↓
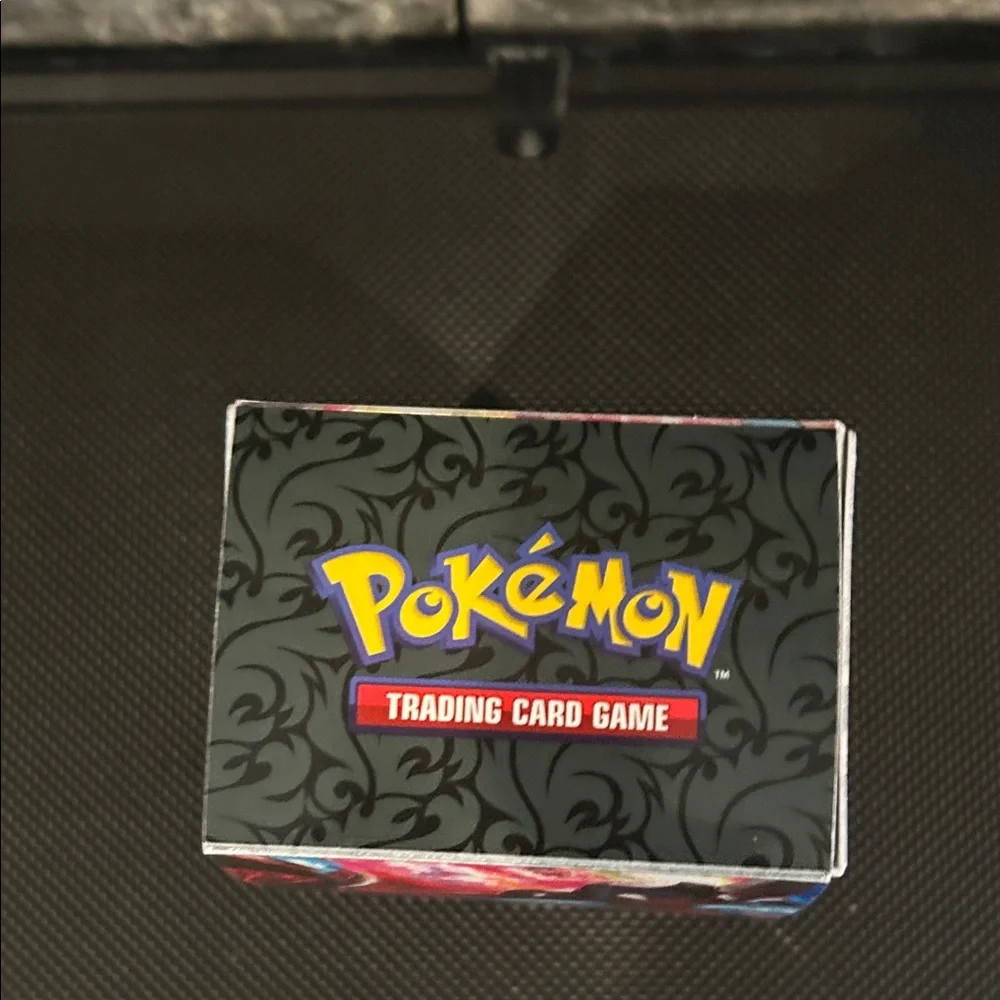 Pokemon Charizard Trading Card Storage‎ Box with Velcro fastener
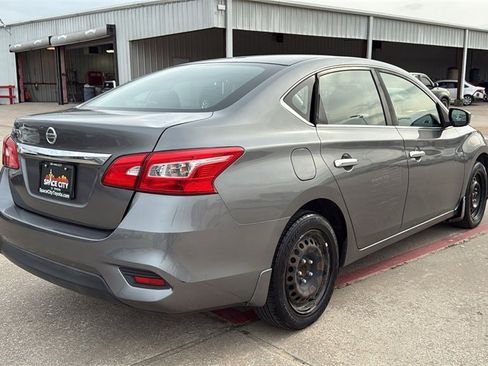 Used 2017 Nissan Sentra S image 7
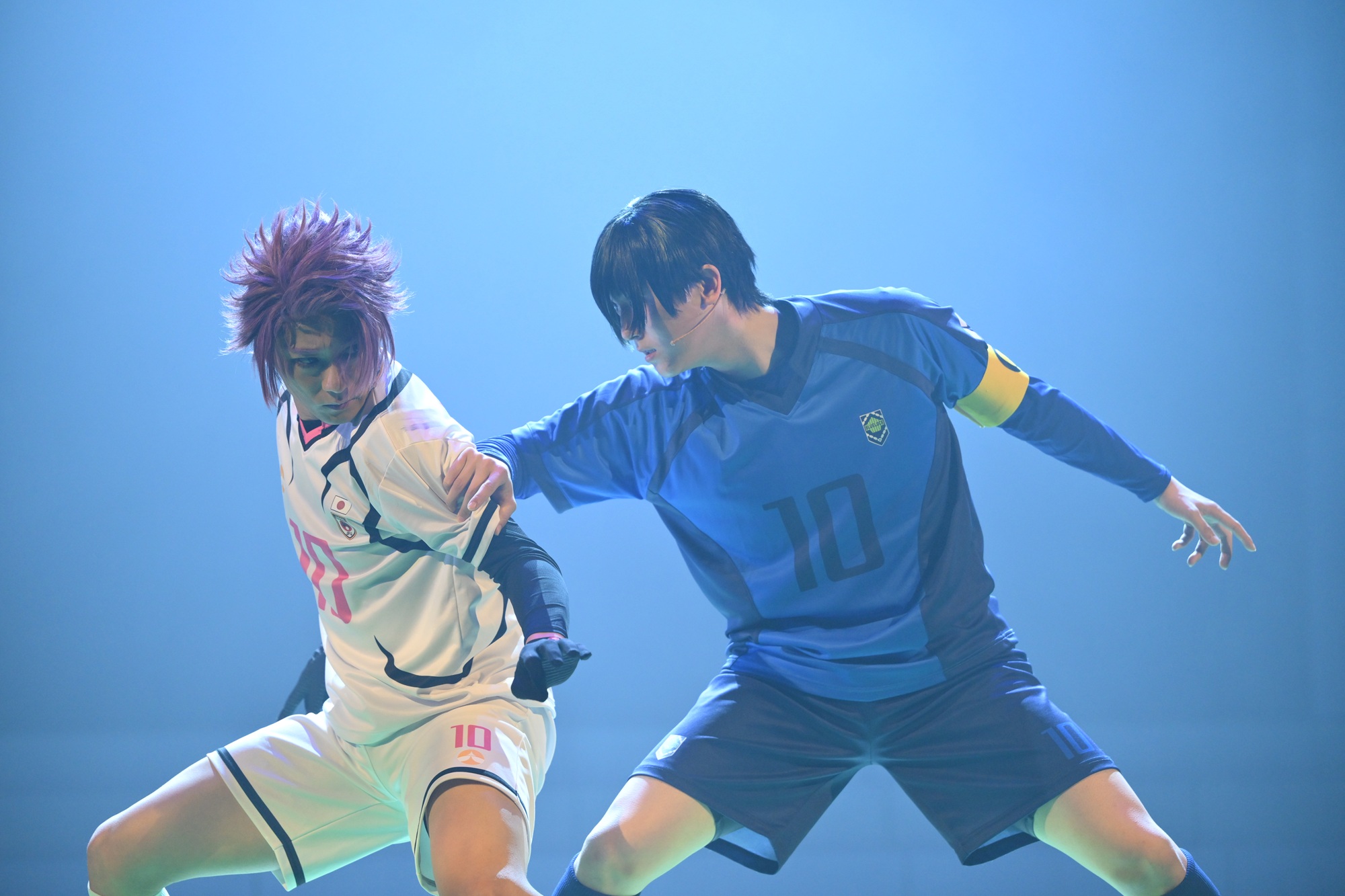 U-20日本代表チーム登場！舞台『ブルーロック』4th STAGE上演中　応援グッズで試合観戦感高まる！劇場全体がスタジアムに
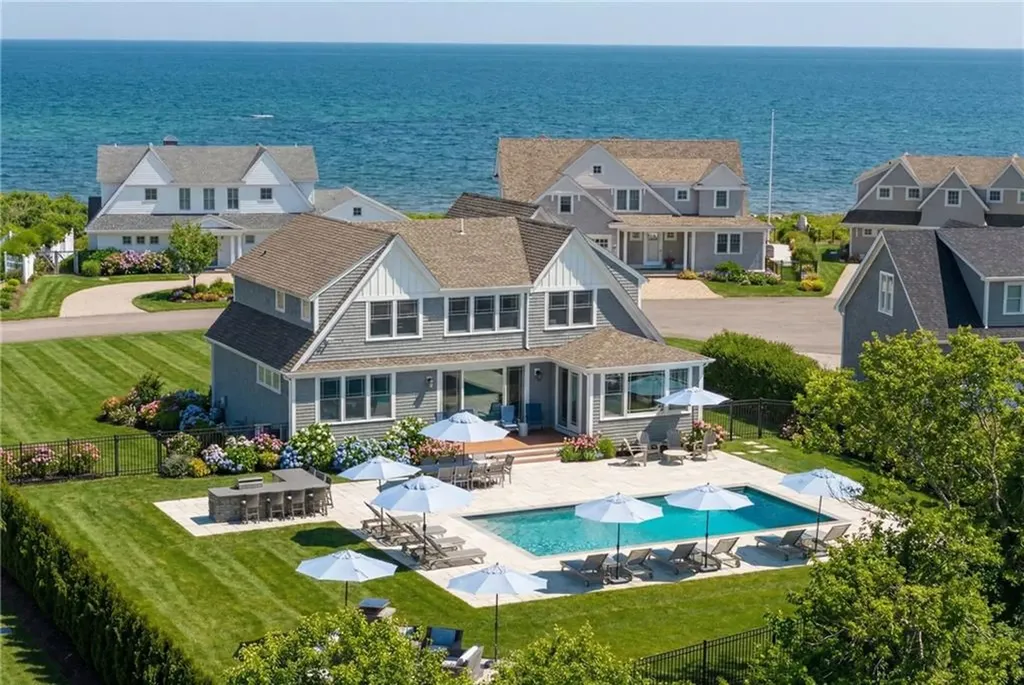 1048 Ocean Road Narragansett RI 02882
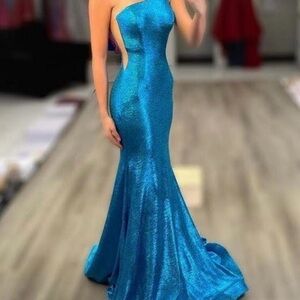 Elegant Blue One-Shoulder Dress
↑
● TASK DESCRIPTION:
Nothing but the lines from the one that holds "1048 Ocean Road Narragansett RI 02882" through the end of the data should appear, written out exactly, without pictures.

● RESPONSE AREA:
 1048 Ocean Road Narragansett RI 02882
 Elegant Blue One-Shoulder Dress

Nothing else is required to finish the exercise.